It should be understood that in the case where the query includes an “exists” condition, as in the example query discussed herein, the query processor will only check with the database to determine if matching rows exist in C.Z. For instance, in the example shown in FIG. 6, the results of the subquery will return a true condition because there is an integer greater than 1 that exists in C.Z. In other examples, however, the query processor may fetch rows from the database that are returned from a subquery executed by the database. In either situation, replacement of the correlated column in the original subquery with a parameter or updatable constant to enable the subquery to be pushed to the database, may significantly reduce the amount of required data movement across the network.
FIG. 7 is a block diagram of another example query performed by the system described above with reference to FIG. 2. In this example, the query processor 402 receives an instruction 404 to perform a database operation that includes a subquery that defines a conditional relationship between a column of data in Table A and a column of data in Table B. Specifically, in the illustrated example, the query processor 402 receives the query, “select * from A where (A.X)=(select B.Y from B where B.Y=A.Z).” Upon detecting the subquery, “select B.Y from B where B.Y=A.Z,” the query processor 402 automatically modifies the subquery by replacing the conditional expression with a parameterized where clause, and then submits the modified subquery 406 to the database 408. In the illustrated example, the query processor 402 modifies the subquery by replacing the correlated column A.Z from Table A with the parameter “?”, as follows:

- select B.Y from B where B.Y=?
  The where clause in the above subquery defines a conditional relationship (=) between column B.Y and the parameter “?”. If the parameterized subquery is accepted by the database 408, then the query processor 402 causes values from each row from column A.Z from Table A 410 to be substituted for the parameter “?” in the processor 402, and causes the query with each substituted value to be executed on Table B.

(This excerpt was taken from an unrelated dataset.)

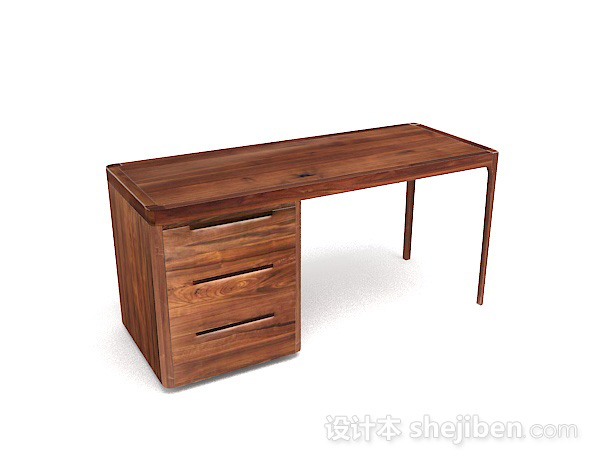 木质棕色简单书桌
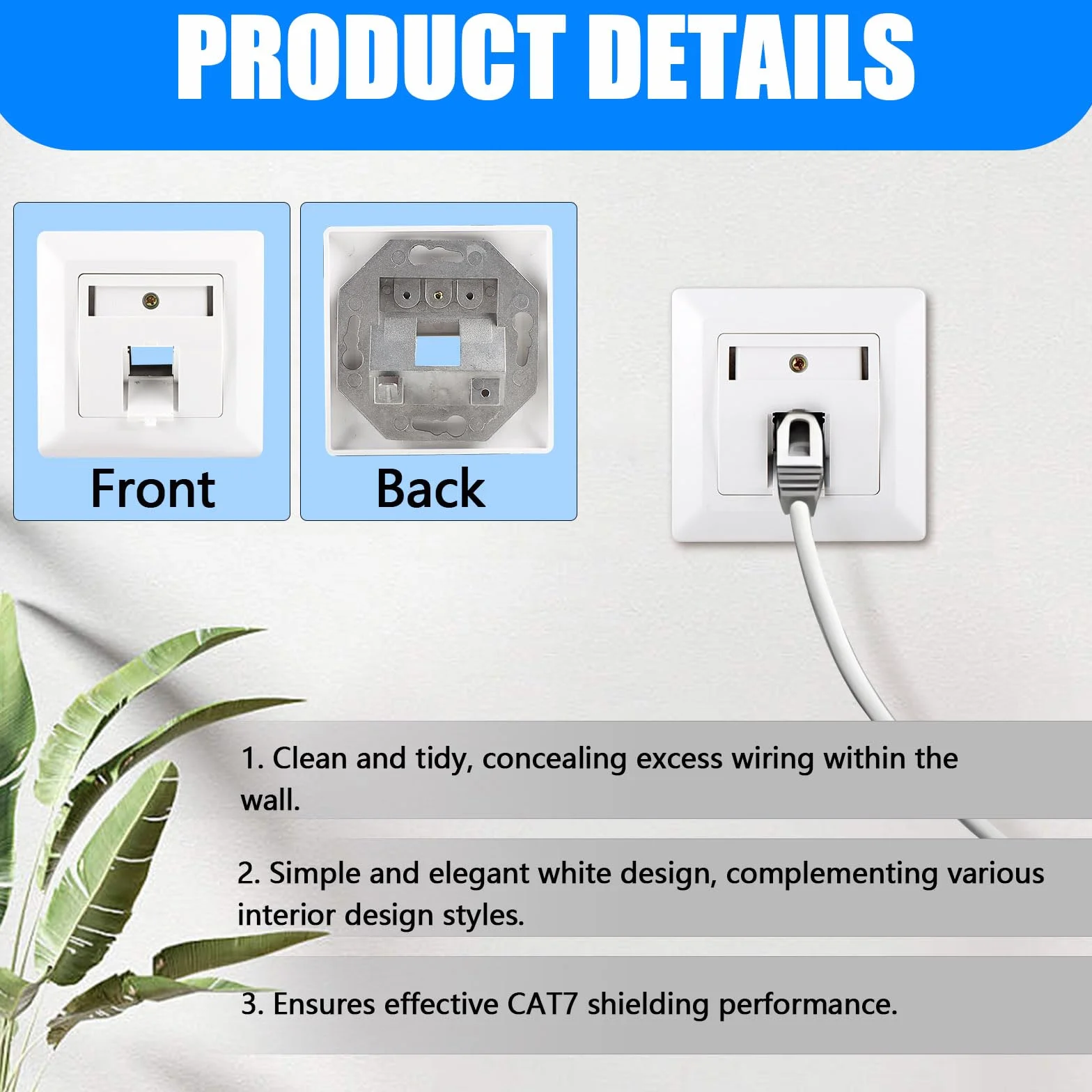 RJ45 Cat 7 STP Blindado 10 Gbit/s Toma de Red Empotrada 1 Puerto 2 Módulos Keystone Placa de Pared Ethernet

FIGS. 8-13 further illustrate the operation of the system shown in FIG. 7. The example shown in FIGS. 8-13 again illustrates operation using the example query, “select * from A where (A.X)=(select B.Y form B where B.Y=A.Z).” FIG. 8 illustrates receipt of the example query by the query processor 500, which as shown in this example may be an SQL processor. As illustrated in FIG. 9, in response to the query, the query processor 500 retrieves the identified table data 502 from the first database 504. In addition, upon detecting the subquery, the query processor 500 replaces the conditional expression in the subquery with a parameterized clause to generate the modified subquery, “select B.Y from B where B.Y=?.” The modified subquery is then submitted to the second database 506. If the parameterized subquery is accepted by the database 506, then the query processor 500 copies the values from each row from column A.Z to the space allocated for the parameter “?” in the processor 500. FIG. 10 illustrates a value from column A.Z being copied by the database 506 from the query processor 500 to the prepared query on the database 506. The database 506 then executes the query, with the table value from column A.Z substituted for the parameter, and returns the query result to the query processor 500, as illustrated in FIG. 11.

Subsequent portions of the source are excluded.